Task item: Could you repeat, word for word, the line with "American Eagle Braided Plum Sweater | L" and every line after it in the records below, leaving out any pictures?

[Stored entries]
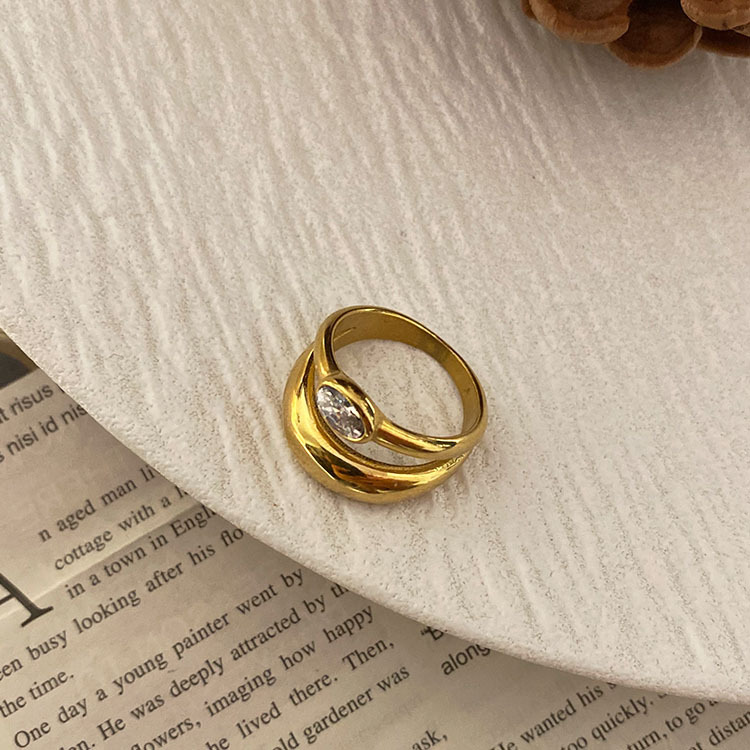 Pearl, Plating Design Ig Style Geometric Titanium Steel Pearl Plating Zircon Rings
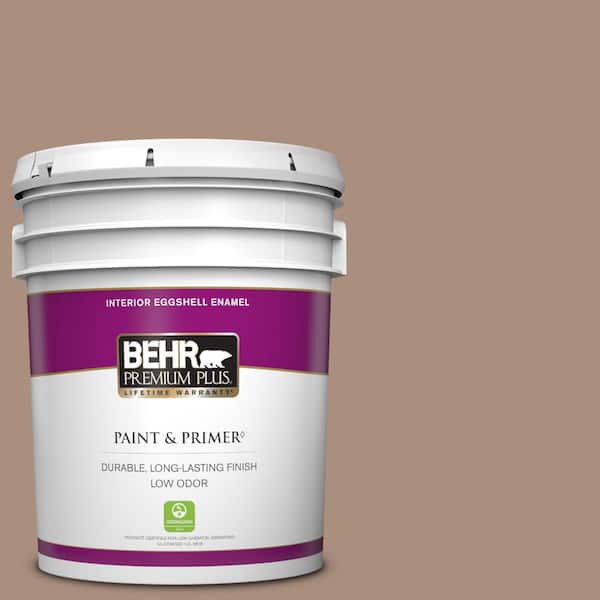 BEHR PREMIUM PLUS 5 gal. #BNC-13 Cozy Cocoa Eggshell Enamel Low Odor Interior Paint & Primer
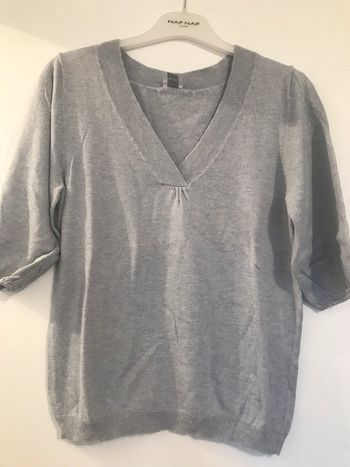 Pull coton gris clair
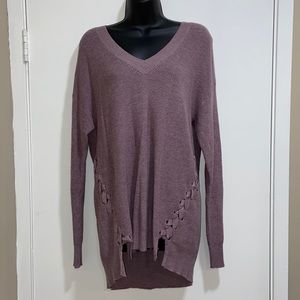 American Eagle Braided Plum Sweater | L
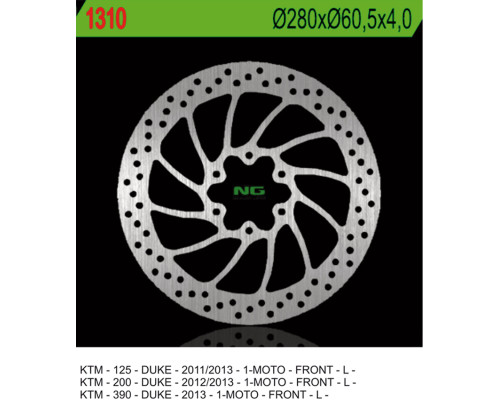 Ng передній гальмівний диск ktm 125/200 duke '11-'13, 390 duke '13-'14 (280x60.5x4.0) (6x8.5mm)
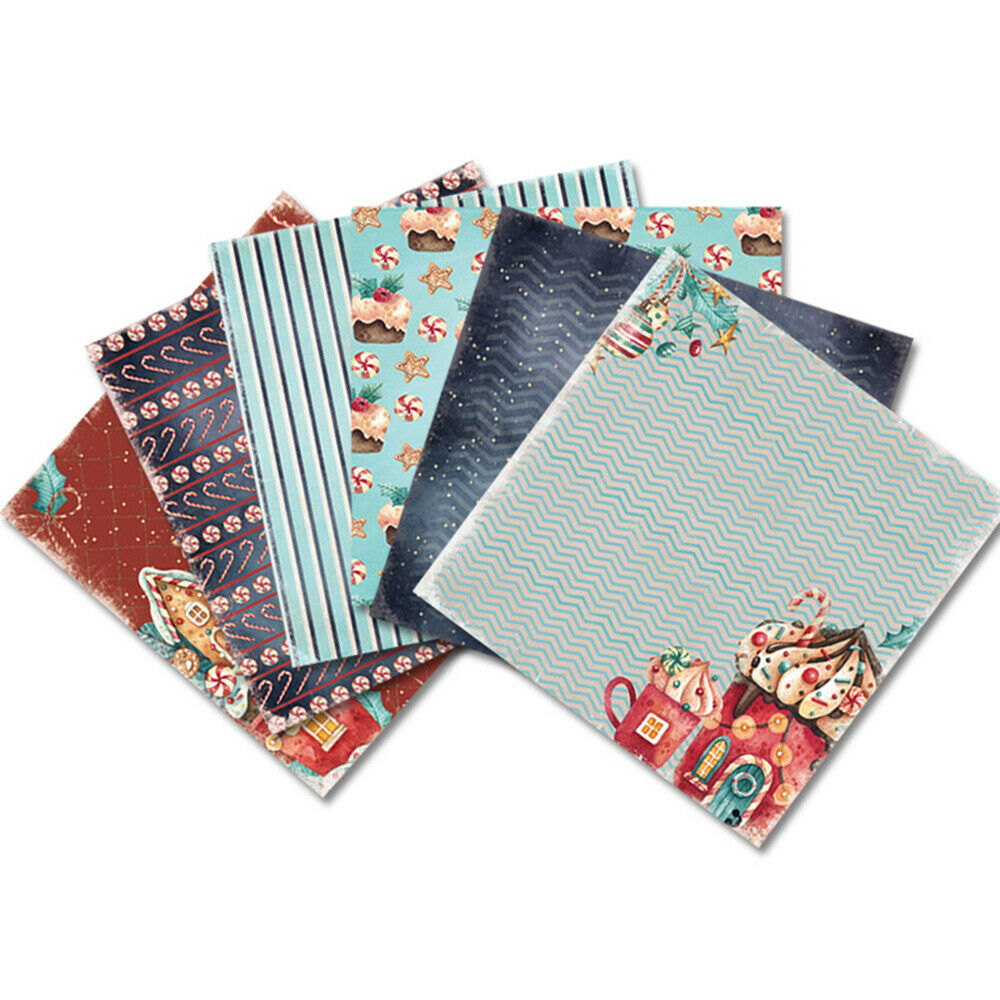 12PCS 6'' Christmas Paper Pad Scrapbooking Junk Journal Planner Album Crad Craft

Exercise output:
 American Eagle Braided Plum Sweater | L
 Ng передній гальмівний диск ktm 125/200 duke '11-'13, 390 duke '13-'14 (280x60.5x4.0) (6x8.5mm)
 12PCS 6'' Christmas Paper Pad Scrapbooking Junk Journal Planner Album Crad Craft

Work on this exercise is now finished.